Your method, written in code using a recursive function, would look like this:
function r(int n)
{
if (n == 2) return 1;
if (n == 1) return 1;
return 2 * r(n-2) + r(n-1); // I guess we're assuming n > 2
}
I'm not sure what "recurrence" is, but a recursive function is simply one that calls itself.
Recursive functions need an escape clause (some non-recursive case - for example, "if n==1 return 1") to prevent a Stack Overflow error (i.e., the function gets called so much that the interpreter runs out of memory or other resources)
A simple program that would implement that would look like:
public int r(int input) {
if (input == 1 || input == 2) {
return 1;
} else {
return 2 * r(input - 2) + r(input -1)
}
}
You would also need to make sure that the input is not going to cause an infinite recursion, for example, if the input at the beginning was less than 1. If this is not a valid case, then return an error, if it is valid, then return the appropriate value.
"I'm not exactly sure what 'recurrence' is either"
The definition of a "recurrence relation" is a sequence of numbers "whose domain is some infinite set of integers and whose range is a set of real numbers." With the additional condition that that the function describing this sequence "defines one member of the sequence in terms of a previous one."
And, the objective behind solving them, I think, is to go from a recursive definition to one that isn't.

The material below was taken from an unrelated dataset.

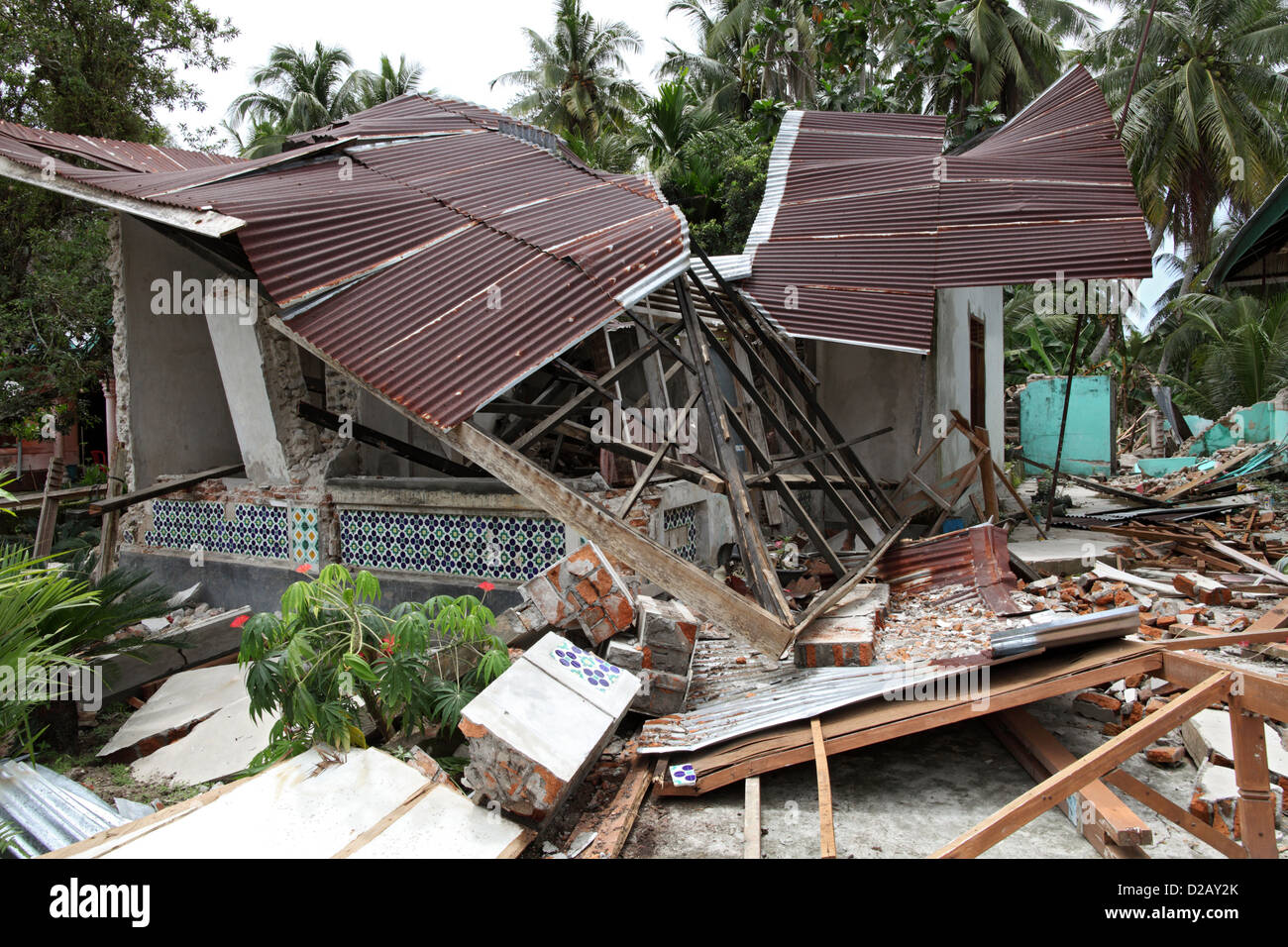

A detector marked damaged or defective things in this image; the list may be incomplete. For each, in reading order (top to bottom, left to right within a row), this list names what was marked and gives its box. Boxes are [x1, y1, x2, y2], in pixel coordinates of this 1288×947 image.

rusty metal roofing sheet [741, 66, 1153, 353]
broken wooden plank [808, 721, 839, 860]
broken wooden plank [932, 670, 1231, 860]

Say if you had T(0) = 2 and T(n) = 2 + T(n-1) for all n>0, you'd have to go from the expression "T(n) = 2 + T(n-1)" to one like "2n+2".
sources:
1) "Discrete Mathematics with Graph Theory - Second Edition", by Edgar G. Goodair and Michael M. Parmenter
2) "Computer Algorithms C++," by Ellis Horowitz, Sartaj Sahni, and Sanguthevar Rajasekaran.